“On the Silver Globe” (1977/1988)
A group of astronauts crashes on an Earth-like planet. Years pass and their descendants have populated a new non-technological society, complete with a semi-religious worship of the last surviving astronaut and a prophecy about another man to arrive from Earth. Another astronaut does arrive, centuries later, and is drawn into a complex conflict between two societies. Had “On the Silver Globe” been completed as planned, this meditative science fiction puzzle might have become Zulawski’s first landmark effort. But the 1977 shoot was scuttled by a newly-appointed official who ordered the materials destroyed after interpreting the film’s cultural battle as a battle between Polish citizens and government. Cast and crew preserved the film, however, and the movie, as complete as possible, premiered at Cannes in 1988 with Zulawski narrating the un-shot scenes. In its final form, “On the Silver Globe” is trying, thanks not only to its incomplete nature but to Zulawski’s oblique screenplay full of elliptical monologues. (The script is based on a novel by Zulawski’s great-uncle.) The thematic scope, which factors in political allegory and Zulawski’s fascination with doppelgängers, religion, and morality, would be challenging even if the film were complete. Its rewards are significant, however. Most of the first hour is found-footage (hardly a common conceit in 1977, or even 1988) and that daring stylistic experiment, combined with imagery that anticipates films such as “Dune,” makes the film more a vision than an antique. Even at its most unfathomable, “On the Silver Globe” features spectacular imagination and vivid, mesmerizing imagery.
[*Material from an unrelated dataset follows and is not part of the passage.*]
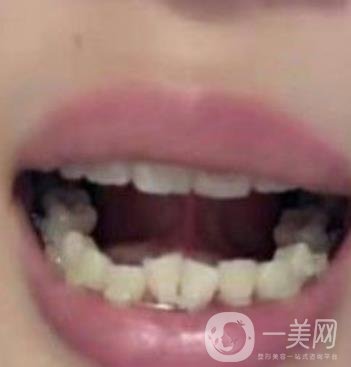 廣東省口腔醫(yī)院正畸價格表及案例恢復過程分享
A bizarre and unforgettable crucifixion sequence is one of the film’s many sights that should draw it out of obscurity.
“Possession” (1981)
No single film represents Zulawski’s passions, technique and excesses better than “Possession.” This is his “Blue Velvet,” his “The Holy Mountain.” Shot through with strains of horror, science fiction and political thrillers, “Possession” is most meaningfully the story of the last vestiges of a dying relationship between Anna (Isabelle Adjani) and her spy husband Mark (Sam Neill). When Mark returns home from some mysterious espionage, Anna asks for a divorce, and their young son Bob (Michael Hogben) is caught in the middle. There’s a doppleganger (Adjani, playing Bob’s angelic garbed-in-white teacher), a free-spirit lover (Heinz Bennent, embracing his director’s ideas about unusual character movement), and, yeah, the monster, a particularly sexual beast created with the help of master Carlo Rambaldi and eventually echoed in David Cronenberg‘s “Naked Lunch.” Wide lenses in practical locations give “Possession” an uneasy sense of space. Despite ample room in the frame, Zulawski constantly pushes his actors together to enhance the push and pull of dependency and revulsion that acts on these people like dual magnetic polarities. The emotional horror of the breakup is complicated by deep religious imagery and a strain of political awareness that becomes more prominent as the film evolves into its final act. Throughout, Adjani is never less than wildly committed to both roles, and Neill lurches and howls through a performance that reduces what initially seems to be a capable man nearly to childhood. “Possession” is extreme in its displays of emotion, unbearably raw at times, and quite extraordinary.
“L’Amour Braque” (1985)
Pure, excessive, dizzying anarchy. A group of men, masked as Disney characters, rob a bank in an opening sequence that Christopher Nolan must have seen before making “The Dark Knight.” While en route to back to Marie (Sophie Marceau), the beauty adored by criminal Mickey (Francis Huster), the crew befriends befuddled Léon (Tchéky Karyo). That’s probably a mistake, as Léon and Marie hit it off in ways Mickey isn’t prepared to handle. With characters constantly in motion, often capering like sugar-high children while committing violently anti-social acts, “L’Amour Braque” is both a distillation and a parody of gangster movies. Imagine Zulawski making a Warner Bros. cartoon — one which turns horrifyingly dark. Scripted by Etienne Roda-Gil as a loose adaptation of Dostoevsky’s “The Idiot,” the film’s dialogue zig-zags through free-associated jokes and references, poetic observations, actual bits of plot, and eccentric notes of desire and retribution. It can seem like nonsense in the first go, and, yes, some of it is simply ridiculous. Zulawski’s mise-en-scène is so frenetic, the images captured by cinematographer Jean-François Robin so colorful and intense in their embrace of mid-’80s style, that the film plays well even without subtitles. (The director’s camera frequently follows and circles his characters. Here, it sometimes appears to struggle to keep up.) Yet the most effective moments are between Marceau and Karyo; when the film slows just a bit to give them some room, the patience required to delve through all the film’s peculiarities and violence pays off.